▶ [PROBLEM STATEMENT]: Copy every entry exactly as it reads and exclude whatever pictures appear.

▶ [PROVIDED MATERIAL]:
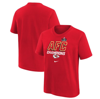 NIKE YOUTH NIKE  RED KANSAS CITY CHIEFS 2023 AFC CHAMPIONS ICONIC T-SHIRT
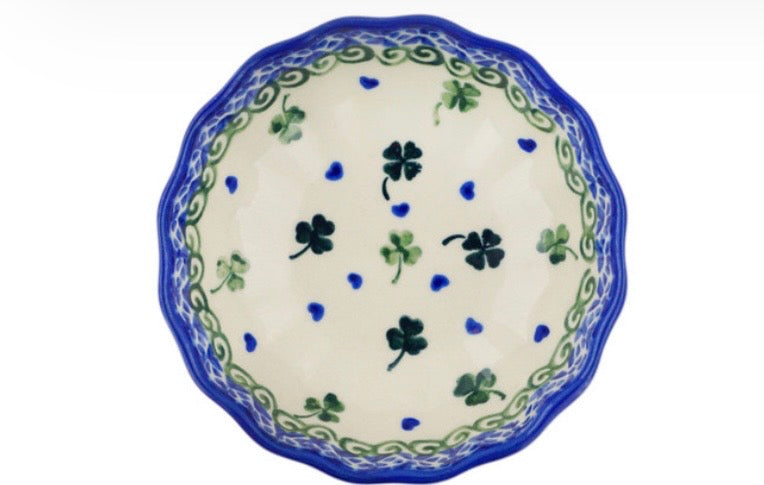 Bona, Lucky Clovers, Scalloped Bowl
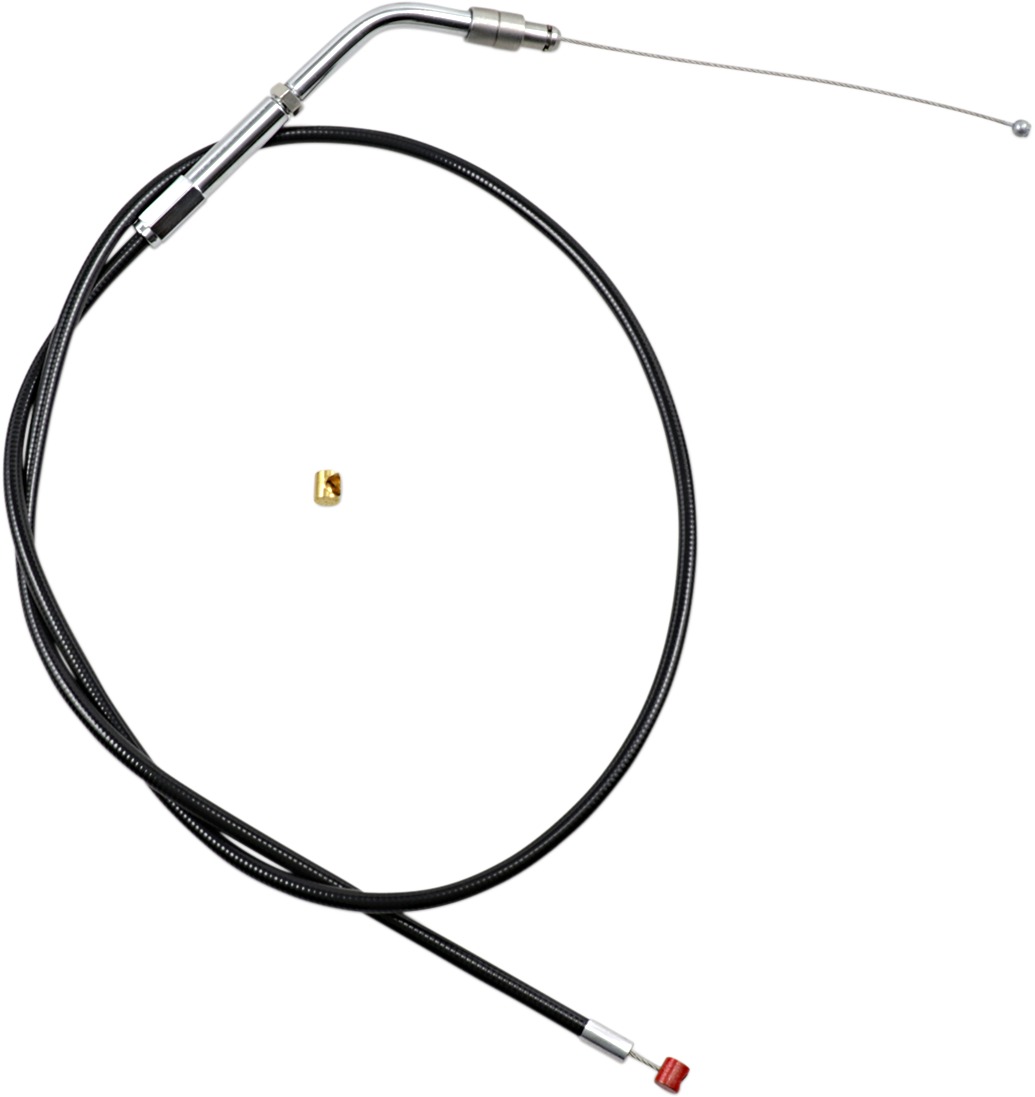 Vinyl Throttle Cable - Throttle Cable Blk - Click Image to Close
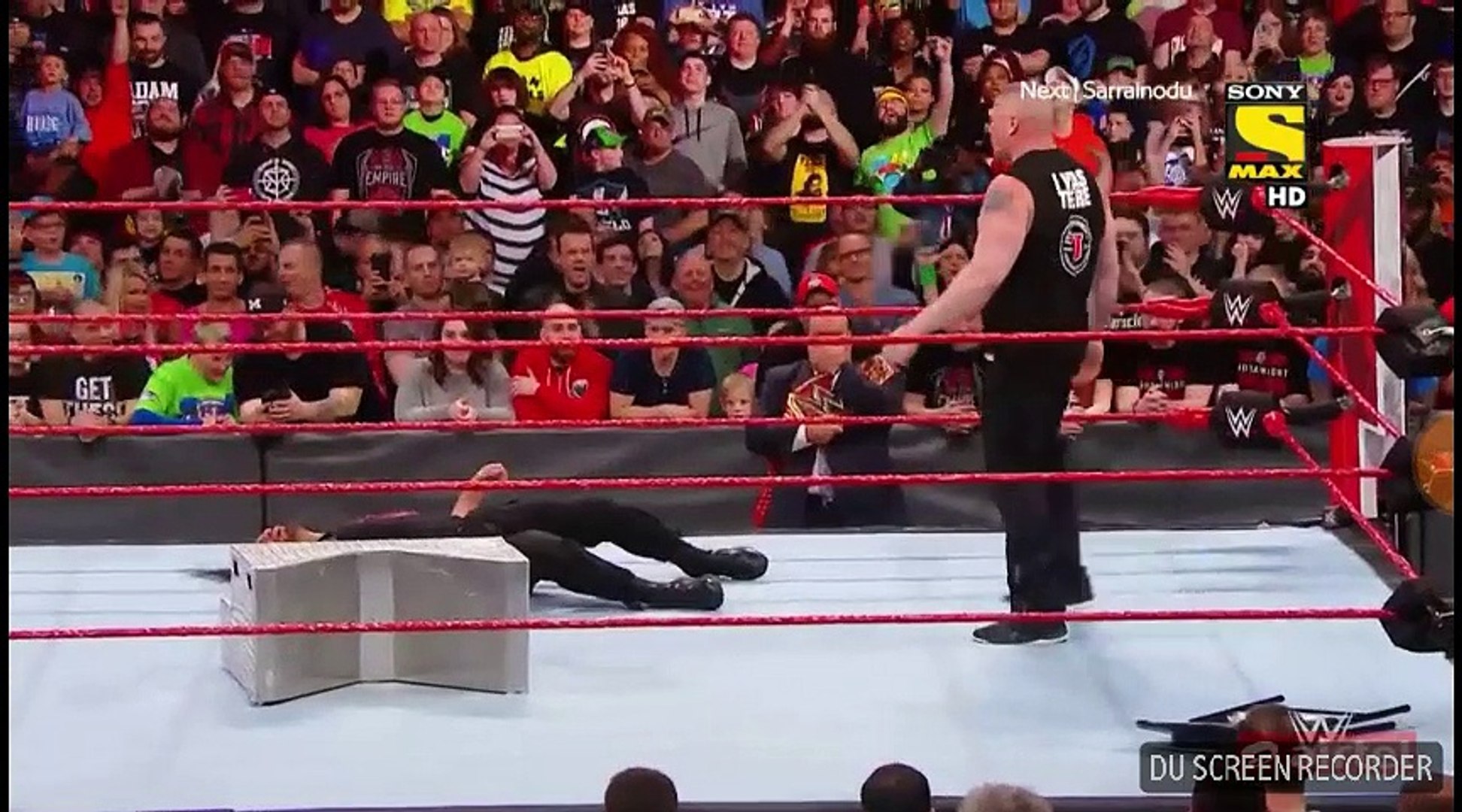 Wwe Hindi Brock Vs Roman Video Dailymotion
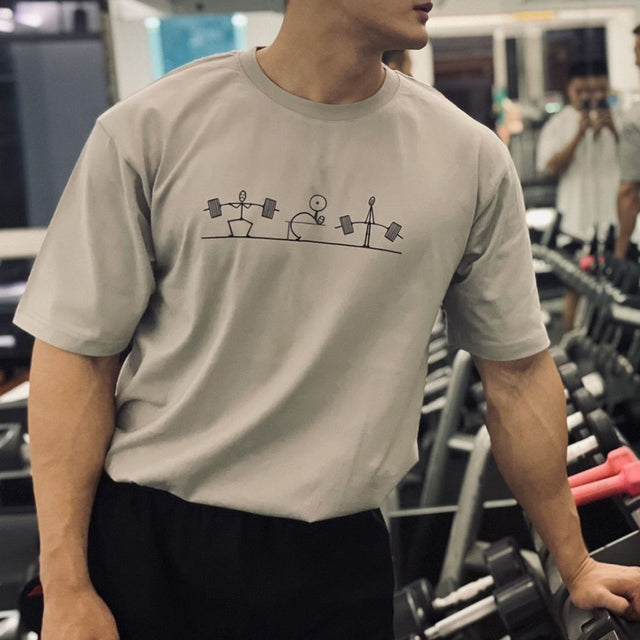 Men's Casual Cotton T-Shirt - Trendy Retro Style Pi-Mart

▶ [TASK RESPONSE]:
 NIKE YOUTH NIKE  RED KANSAS CITY CHIEFS 2023 AFC CHAMPIONS ICONIC T-SHIRT
 Bona, Lucky Clovers, Scalloped Bowl
 Vinyl Throttle Cable - Throttle Cable Blk - Click Image to Close
 Wwe Hindi Brock Vs Roman Video Dailymotion
 Men's Casual Cotton T-Shirt - Trendy Retro Style Pi-Mart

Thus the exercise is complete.